I think it’s fine for this to be poorly defined; what I want is something aligned with reality beyond op-eds. Qualitative evidence isn’t bad; but I think it needs to be aggregated instead of anecdoted. Humans are real bad at judging how the kids are doing (complaints like the OP are older than liberal education, no?); I don’t want to continue the pattern. A bunch of old people worrying too much about students not reading shakespear in classes is how we got the cancel culture moral panic - I’d rather learn from that mistake.
A handful of thoughts: There are longitudinal studies that interview kids at intervals; are any of these getting real weird swings? Some kids have AI earlier; are they much different from similar peers without? Where’s the broad interviews/story collection from the kids? Are they worried? How would they describe their use and their peers use of AI?

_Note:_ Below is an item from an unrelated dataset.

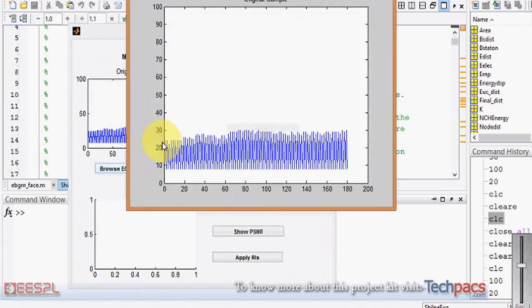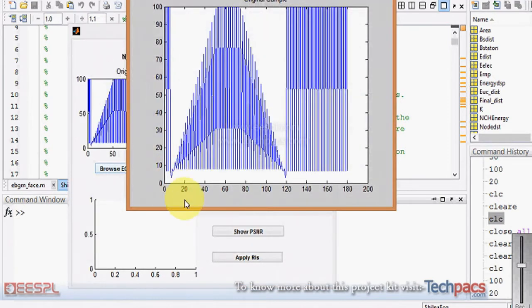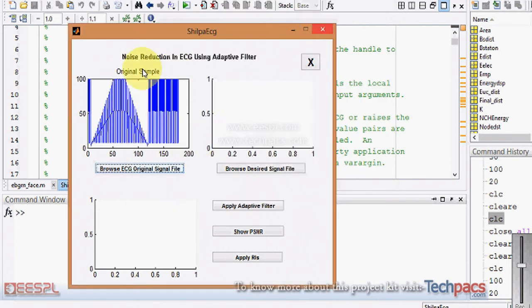I'm selecting one of the signals — this one — or you can browse any other one. These are a large number of values, so they appear very close to each other, but they are actually in the form of an ECG signal. This is the original sample which we have loaded.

As I understand it, there are many many such models. Especially those made for academic use. Some common training corpus’s are listed here: https://www.tensorflow.org/datasets
Examples include wikipedia edits and discussions, and open source scientific articles.
Almost all research models are going to be trained on stuff like this. Many of them have demos, open code, and local installation instructions. They generally don’t have a marketing budget. Some of the models listed here certainly qualify: https://github.com/eugeneyan/open-llms?tab=readme-ov-file
Both of these are lists that are not so difficult to get on; so I imagine some of these have trouble with falsification or mislabeling, as you point out. But there’s little reason for people to do so (beyond improving a papers results I guess?).
Art generation seems to have had a harder time, but there are stable diffusion equivalents that used only CC work. A few minutes of search found: Common Canvas, claims to have been competitive.